> What you have to do
Find the lines in the records below that contain "Removal", and report each of them.

^^^^^^^^^^^^^^^^

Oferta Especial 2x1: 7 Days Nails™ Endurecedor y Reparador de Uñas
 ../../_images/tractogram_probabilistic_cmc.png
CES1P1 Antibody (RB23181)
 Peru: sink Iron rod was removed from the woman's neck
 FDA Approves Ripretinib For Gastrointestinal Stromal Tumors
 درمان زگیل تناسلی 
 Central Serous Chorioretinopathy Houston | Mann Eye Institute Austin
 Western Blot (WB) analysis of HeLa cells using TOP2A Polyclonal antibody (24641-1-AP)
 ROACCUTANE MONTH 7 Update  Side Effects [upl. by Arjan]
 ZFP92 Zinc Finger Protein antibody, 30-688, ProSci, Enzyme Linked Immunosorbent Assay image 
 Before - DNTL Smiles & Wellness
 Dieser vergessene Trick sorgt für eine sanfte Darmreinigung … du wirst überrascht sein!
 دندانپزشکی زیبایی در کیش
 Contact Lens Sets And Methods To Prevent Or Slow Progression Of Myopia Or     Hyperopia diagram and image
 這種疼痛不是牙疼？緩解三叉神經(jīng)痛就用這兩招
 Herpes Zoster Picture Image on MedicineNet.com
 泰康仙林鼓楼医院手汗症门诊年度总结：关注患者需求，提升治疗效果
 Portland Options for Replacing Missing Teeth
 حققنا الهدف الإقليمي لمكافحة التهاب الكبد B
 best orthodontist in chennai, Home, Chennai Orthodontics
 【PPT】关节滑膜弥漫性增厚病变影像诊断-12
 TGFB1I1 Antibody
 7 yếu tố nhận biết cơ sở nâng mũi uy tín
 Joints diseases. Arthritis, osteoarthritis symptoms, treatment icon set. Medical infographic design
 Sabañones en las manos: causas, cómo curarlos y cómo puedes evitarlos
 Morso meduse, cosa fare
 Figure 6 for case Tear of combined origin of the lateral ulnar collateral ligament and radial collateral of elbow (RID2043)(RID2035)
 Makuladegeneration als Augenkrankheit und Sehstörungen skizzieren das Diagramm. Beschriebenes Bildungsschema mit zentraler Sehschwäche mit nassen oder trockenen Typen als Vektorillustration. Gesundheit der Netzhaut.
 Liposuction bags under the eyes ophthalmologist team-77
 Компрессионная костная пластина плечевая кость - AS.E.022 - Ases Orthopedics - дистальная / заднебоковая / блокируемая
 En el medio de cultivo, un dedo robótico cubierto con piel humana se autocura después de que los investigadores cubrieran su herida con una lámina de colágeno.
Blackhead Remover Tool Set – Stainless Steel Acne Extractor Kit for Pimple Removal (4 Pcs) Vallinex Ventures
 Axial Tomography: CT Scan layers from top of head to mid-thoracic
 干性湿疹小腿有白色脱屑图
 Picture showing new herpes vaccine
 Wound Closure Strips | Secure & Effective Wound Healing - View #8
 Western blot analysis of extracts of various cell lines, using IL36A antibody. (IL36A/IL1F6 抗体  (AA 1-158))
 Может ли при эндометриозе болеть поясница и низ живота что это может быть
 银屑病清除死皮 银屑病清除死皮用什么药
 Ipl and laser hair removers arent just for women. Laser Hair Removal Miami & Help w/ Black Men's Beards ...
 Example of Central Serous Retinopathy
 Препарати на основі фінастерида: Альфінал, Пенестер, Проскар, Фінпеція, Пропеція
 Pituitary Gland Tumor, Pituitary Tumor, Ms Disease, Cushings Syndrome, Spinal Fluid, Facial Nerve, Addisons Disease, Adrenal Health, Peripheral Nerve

^^^^^^^^^^^^^^^^

> Exercise output
Blackhead Remover Tool Set – Stainless Steel Acne Extractor Kit for Pimple Removal (4 Pcs) Vallinex Ventures
 Ipl and laser hair removers arent just for women. Laser Hair Removal Miami & Help w/ Black Men's Beards ...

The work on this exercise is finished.